Nesses dias o Wallace vinha ver como eu estava as vezes, mas não falava comigo. Mano, eu tava desesperada pra falar com ele, mas não sabia como fazer ele me escutar. Cara, ele tava muito chateado comigo. Chateado pra caralho. E eu me sentia extremamente mal com isso. Eu amava aquele homem e não queria decepcionar ele, mas porra... ele tinha que entender que eu precisava reerguer minha vida, andar com as minhas pernas. Aliás... ele ia rir se descobrisse que minha carreira no tráfico não era mais que limpar droga que ficava no chão e coisas do tipo.
Naquele dia, eu levantei cedo e tomei banho, fiquei esperando a Xica passar. A Lila tretou pra me deixar sair, óbvio, mas eu convenci ela de que era importante.
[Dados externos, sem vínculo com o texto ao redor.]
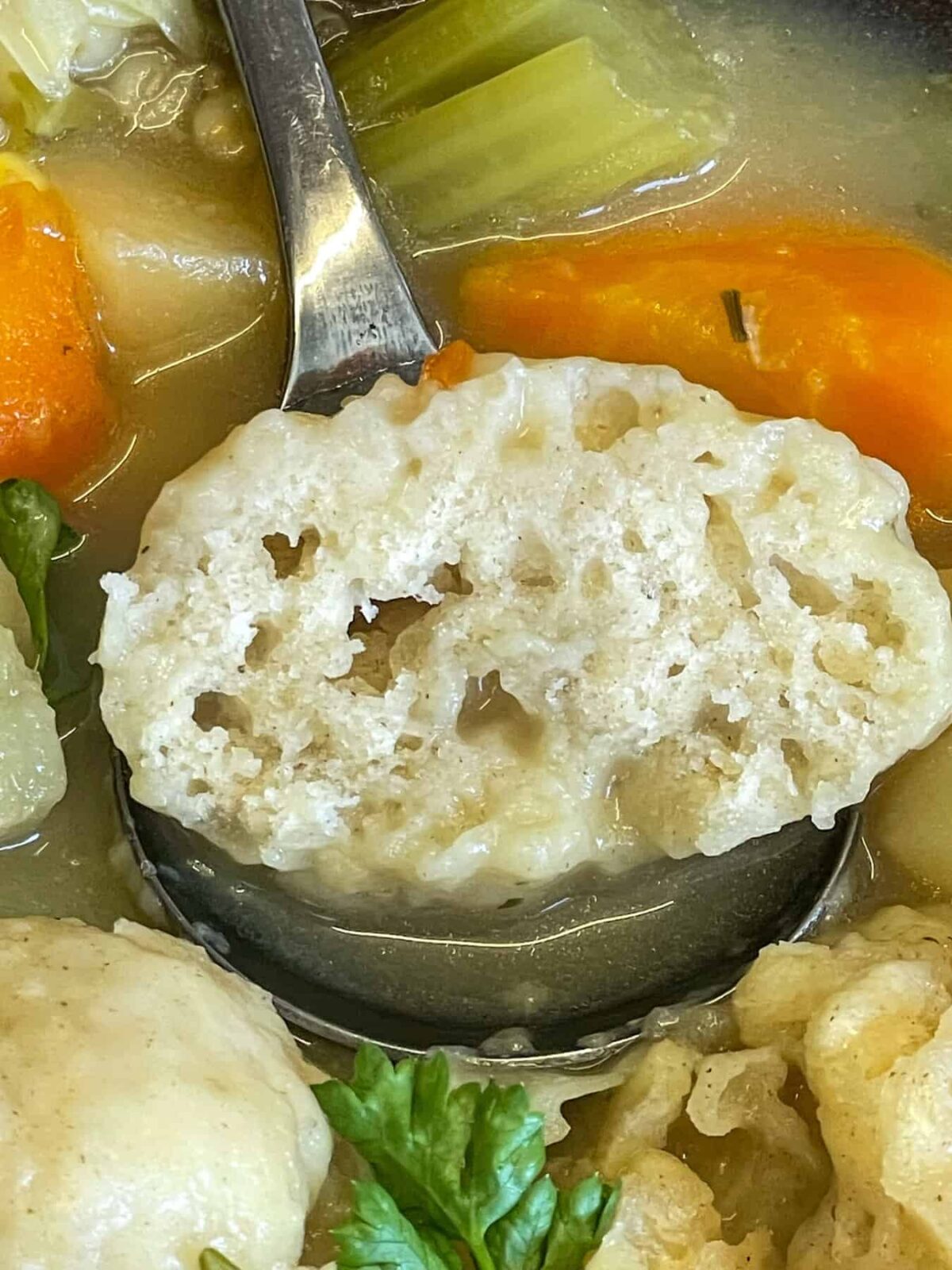 Cooked dumpling sliced in two to show the fluffy airiness of the insides, on a soup ladle.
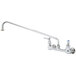 A T&S chrome wall mount faucet with a handle and 18" swing nozzle.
— É no chamado geral que tu vai? — Perguntou.
— É, eu tenho que estar lá com o pessoal. Disseram que o Caburé tem um negócio sério pra falar. — Contei.
— Deve ter mesmo, esse é a primeira vez que ele tá mandando reunir geral, sabia? Deve ter dado merda. O Wallace tava preocupado.
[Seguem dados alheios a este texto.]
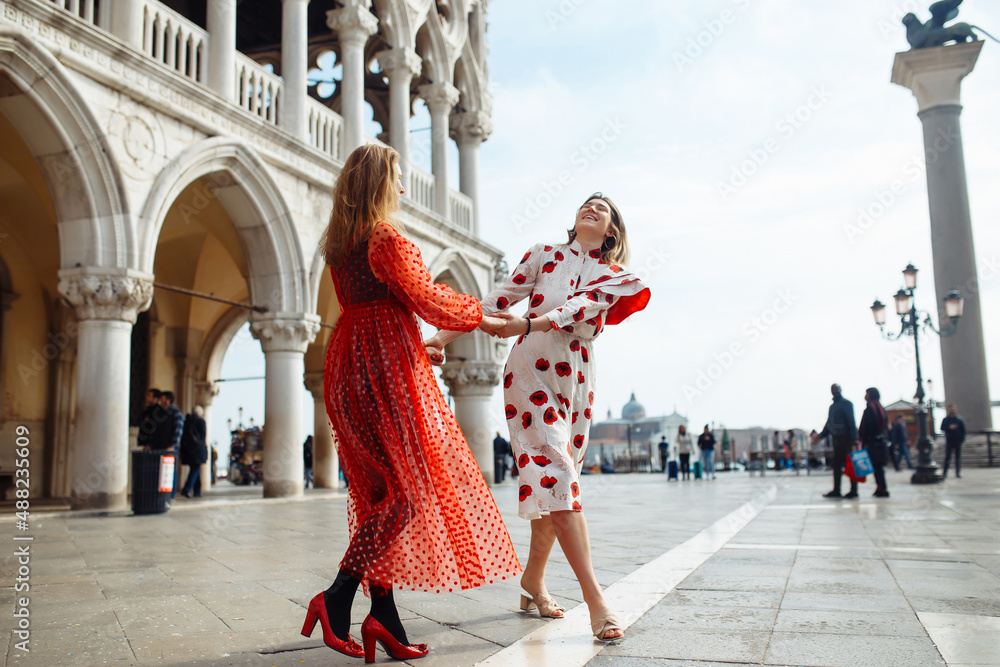 Obraz premium Mom and daughter in fashionable dresses walk around Venice. Lifestyle, travel, tourism.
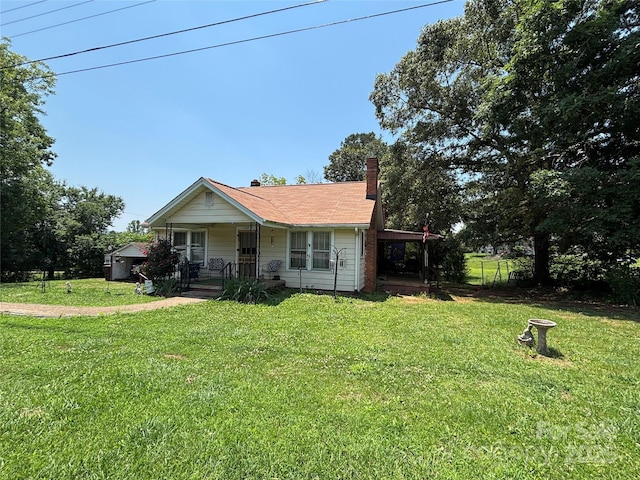 4059 10th Avenue Dr SW, Hickory, NC 28602 - view of front of house featuring a porch, a chimney, and a front lawn
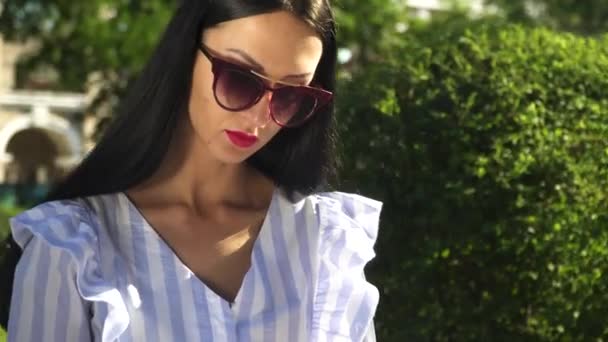 Портрет стильної жінки в сонцезахисних окулярах парку — стокове відео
Bufei, me encostando no sofá. Que tinha dado merda isso a gente sabia, só não sabia que tipo de merda. Nem o que esperava a gente... ai uma buzina tocou, apartando a conversa merda que a gente ia começar a ter.
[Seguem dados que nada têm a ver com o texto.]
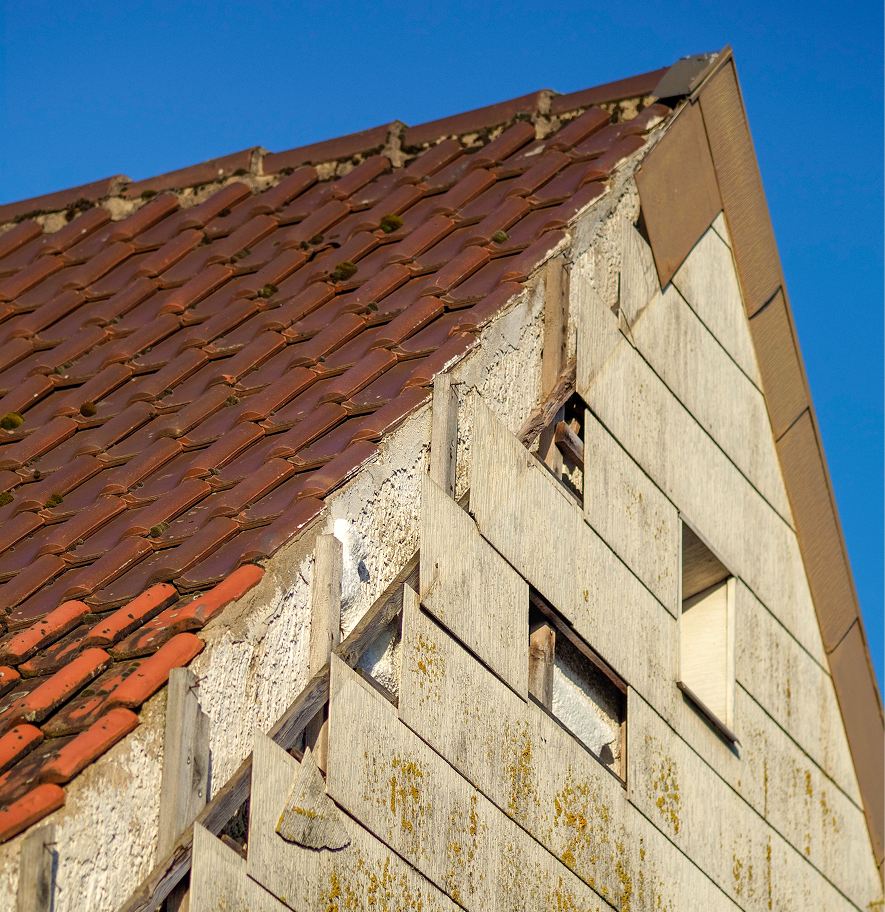 Old exterior wall cladding undergoing asbestos testing inspection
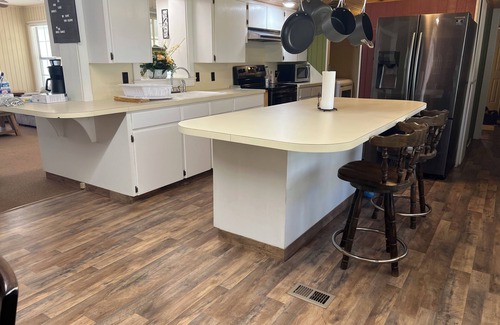 Geneva House | 3 Bedroom 2 bath with plenty of covered parking!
— É a minha carona. Te conto tudo quando voltar. — Dei um beijo na bochecha da Lila e saí porta a fora.— E ai, Ninão? Já tá melhor? — Perguntou a Xica.
— Tô nova e pronta pra outra. — Brinquei, subindo na garupa da moto dela. Aquela já não era mais uma tarefa tão difícil.
Me segurei na cintura dela e nós subimos a Estrada da Gávea a toda. Que tinha uma porrada de moto na Rocinha isso era fato, mas hoje isso parece ainda mais visível. Uma monte de gente estava subindo para além da Rua 1, todo mundo do fluxo, só tinha ficado livre de ir quem tava trampando na contingência. Tipo... os soldados que estavam patrulhando e cuidando das estradas da favela. Todo o resto tinha sido convocado.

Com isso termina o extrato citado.